### [INFORMATION PROVIDED]
# # #

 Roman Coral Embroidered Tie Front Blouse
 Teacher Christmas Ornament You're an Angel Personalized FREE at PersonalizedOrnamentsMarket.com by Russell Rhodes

# # #

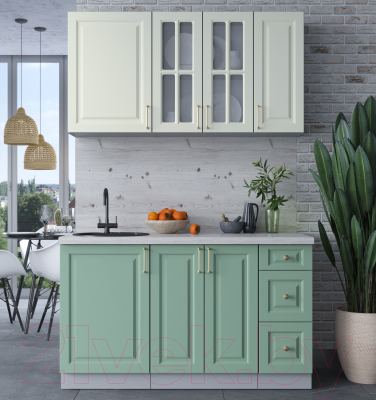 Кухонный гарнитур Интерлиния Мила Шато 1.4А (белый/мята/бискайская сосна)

# # #

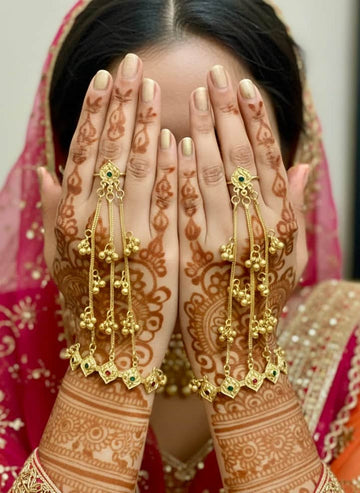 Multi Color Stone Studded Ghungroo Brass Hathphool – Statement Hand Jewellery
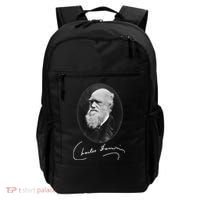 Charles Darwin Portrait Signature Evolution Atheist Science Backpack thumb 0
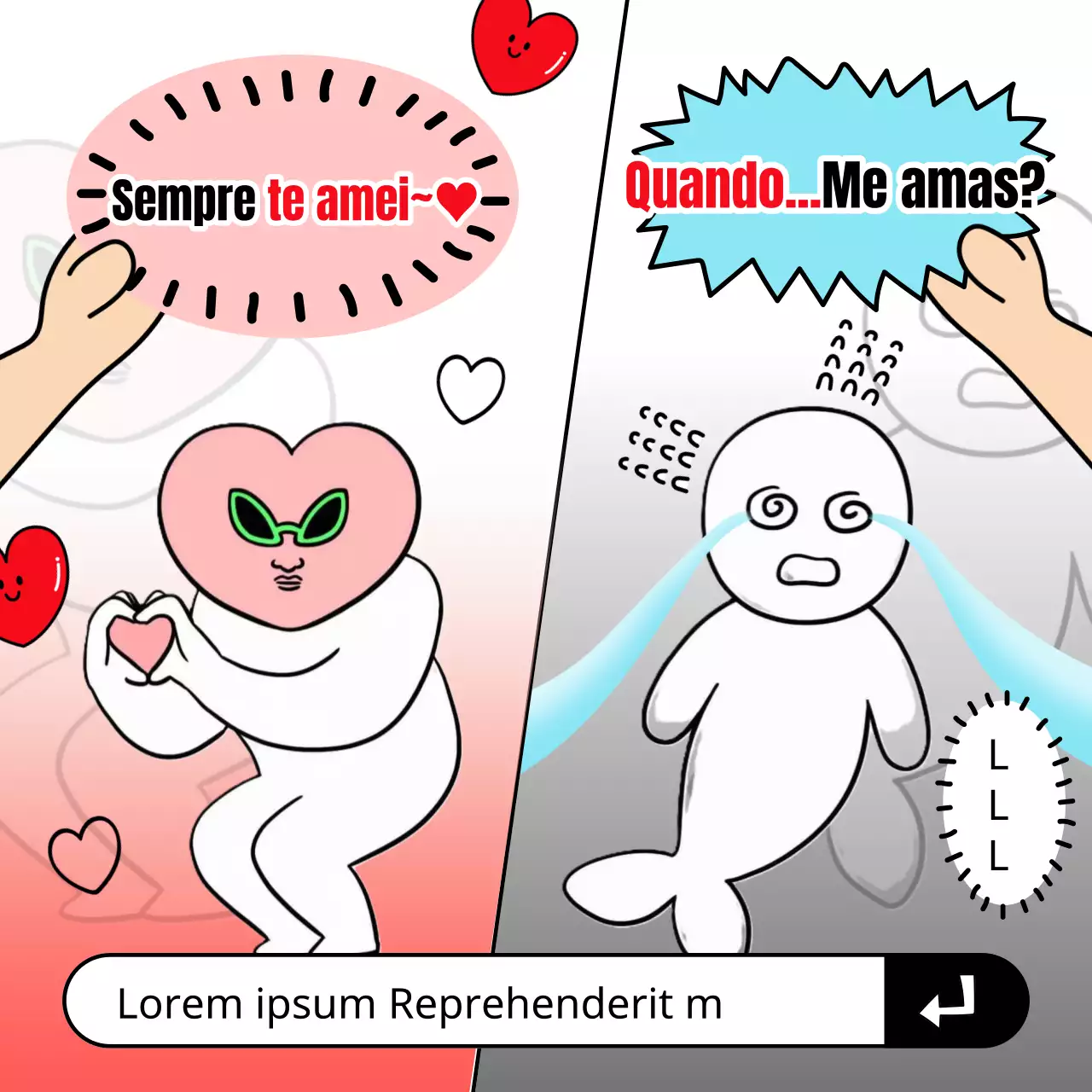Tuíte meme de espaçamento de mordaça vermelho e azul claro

# # #

### [WHAT IS REQUIRED]
Copy out each line of the data above, exactly, if it lies between the line holding "Roman Coral Embroidered Tie Front Blouse" and the line holding "Teacher Christmas Ornament", inclusive; copy no other line.

### [REPLY]
 Roman Coral Embroidered Tie Front Blouse
 Teacher Christmas Ornament You're an Angel Personalized FREE at PersonalizedOrnamentsMarket.com by Russell Rhodes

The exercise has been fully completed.